For Beatty, the war ended triumphantly, with his receiving the surrender of the German fleet. In 1919, he became First Sea Lord and was promoted to Admiral of the Fleet and he retired in 1927.
This second volume examines his time as First Sea Lord, including the long-running controversy over the Battle of Jutland, battles over resources and the fateful issue of the Singapore base. Beatty retired in 1927.
The documents selected for this second volume are from the Beatty Papers (National Maritime Museum); Admiralty, Cabinet and Chiefs of Staff papers from the National Archive; the diaries and papers of various politicians and senior naval officers with whom Beatty worked as First Sea Lord; papers from the archive of Churchill College, Cambridge; and papers in the collection of Stephen Roskill.
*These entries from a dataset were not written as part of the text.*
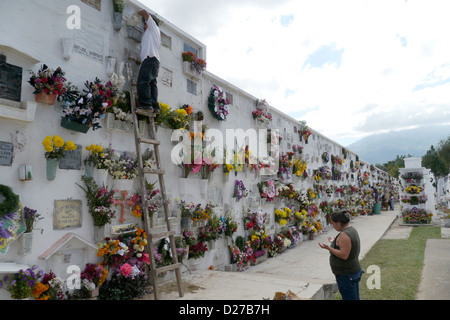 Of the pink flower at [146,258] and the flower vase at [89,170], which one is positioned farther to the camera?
the pink flower at [146,258]

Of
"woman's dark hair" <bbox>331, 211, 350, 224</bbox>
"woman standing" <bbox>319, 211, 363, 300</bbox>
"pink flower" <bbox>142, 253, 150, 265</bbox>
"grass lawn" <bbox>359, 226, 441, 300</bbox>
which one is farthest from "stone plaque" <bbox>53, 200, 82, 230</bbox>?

There is some overlap with other Navy Records Society volumes, including Volume 111: The Jellicoe Papers, Volume II, edited by A Temple-Patterson (1968); Volume 121: The Keyes Papers, Volume II, ed. P G Halpern (1980); Volume 130: Anglo-American Naval Relations 1917-1919, ed. M Simpson (1991); Volume 136: Papers Relating to the Collective Naval Defence of Empire, 1900-1940, ed. N Tracy (1997).
Table of Contents
PART I From Grand Fleet to Admiralty, Oct 1918-1919, PART II First Sea Lord: Major Prolbems Emerge Nov 1919-1922 PART III Politics and Naval Policy Nov 1992-1927, PART IV The Singapore Base 1921-1926, PART V The Jutland Controversy 1916-1927. Indexes.
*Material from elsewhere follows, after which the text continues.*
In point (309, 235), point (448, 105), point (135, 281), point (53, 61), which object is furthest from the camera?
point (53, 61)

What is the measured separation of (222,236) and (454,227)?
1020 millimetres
Brian Ranft was born 14 July 1917 and educated at Manchester Grammar School and Balliol College Oxford. During World War II he served in the Royal Artillery, rising to the rank of major. He completed his D. Phil. At Oxford in 1967 with a thesis on The Naval Defence of British Sea-borne Trade, 1860 – 1905. After the war he joined the staff of the Royal Naval College, Greenwich rising to become Professor of History and International Affairs. He was also a visiting fellow at King’s College, London, where he taught naval history to several generations of postgraduate students. He was appointed Visiting Professor there in 1982. He died on 14 April 2001.